• [Exercise objective] Only the lines from the one containing "Virtual tour photo 22 of 52 for 2710 1st Ave" through the end of the listing are to be transcribed, exactly and with both ends included.

• [Listed records]
· · · ·

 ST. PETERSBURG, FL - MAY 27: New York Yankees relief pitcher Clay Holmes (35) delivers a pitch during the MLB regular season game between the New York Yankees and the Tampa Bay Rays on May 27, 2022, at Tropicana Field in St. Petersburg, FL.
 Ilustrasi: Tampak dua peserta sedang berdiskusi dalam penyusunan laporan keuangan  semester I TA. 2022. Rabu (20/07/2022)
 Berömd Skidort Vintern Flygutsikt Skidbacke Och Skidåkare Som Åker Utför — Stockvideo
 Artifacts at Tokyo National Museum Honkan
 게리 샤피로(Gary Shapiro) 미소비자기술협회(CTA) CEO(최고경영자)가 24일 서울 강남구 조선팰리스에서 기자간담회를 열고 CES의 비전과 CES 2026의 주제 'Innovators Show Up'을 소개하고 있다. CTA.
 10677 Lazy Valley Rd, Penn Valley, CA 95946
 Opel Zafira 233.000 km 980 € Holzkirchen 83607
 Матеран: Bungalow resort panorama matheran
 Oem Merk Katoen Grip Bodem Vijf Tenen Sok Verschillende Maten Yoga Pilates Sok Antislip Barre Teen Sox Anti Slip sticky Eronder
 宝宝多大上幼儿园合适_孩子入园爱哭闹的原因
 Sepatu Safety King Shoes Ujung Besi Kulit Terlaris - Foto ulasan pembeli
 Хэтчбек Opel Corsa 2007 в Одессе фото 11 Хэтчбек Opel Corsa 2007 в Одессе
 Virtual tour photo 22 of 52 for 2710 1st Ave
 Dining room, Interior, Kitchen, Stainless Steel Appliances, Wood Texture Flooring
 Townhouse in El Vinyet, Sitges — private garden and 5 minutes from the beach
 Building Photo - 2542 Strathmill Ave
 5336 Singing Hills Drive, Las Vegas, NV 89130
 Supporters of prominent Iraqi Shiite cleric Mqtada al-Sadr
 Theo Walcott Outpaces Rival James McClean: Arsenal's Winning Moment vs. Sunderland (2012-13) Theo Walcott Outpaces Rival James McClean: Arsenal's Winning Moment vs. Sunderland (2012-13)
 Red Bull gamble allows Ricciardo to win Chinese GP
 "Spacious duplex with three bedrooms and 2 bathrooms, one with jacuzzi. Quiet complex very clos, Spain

· · · ·

• [Solution to this exercise]
 Virtual tour photo 22 of 52 for 2710 1st Ave
 Dining room, Interior, Kitchen, Stainless Steel Appliances, Wood Texture Flooring
 Townhouse in El Vinyet, Sitges — private garden and 5 minutes from the beach
 Building Photo - 2542 Strathmill Ave
 5336 Singing Hills Drive, Las Vegas, NV 89130
 Supporters of prominent Iraqi Shiite cleric Mqtada al-Sadr
 Theo Walcott Outpaces Rival James McClean: Arsenal's Winning Moment vs. Sunderland (2012-13) Theo Walcott Outpaces Rival James McClean: Arsenal's Winning Moment vs. Sunderland (2012-13)
 Red Bull gamble allows Ricciardo to win Chinese GP
 "Spacious duplex with three bedrooms and 2 bathrooms, one with jacuzzi. Quiet complex very clos, Spain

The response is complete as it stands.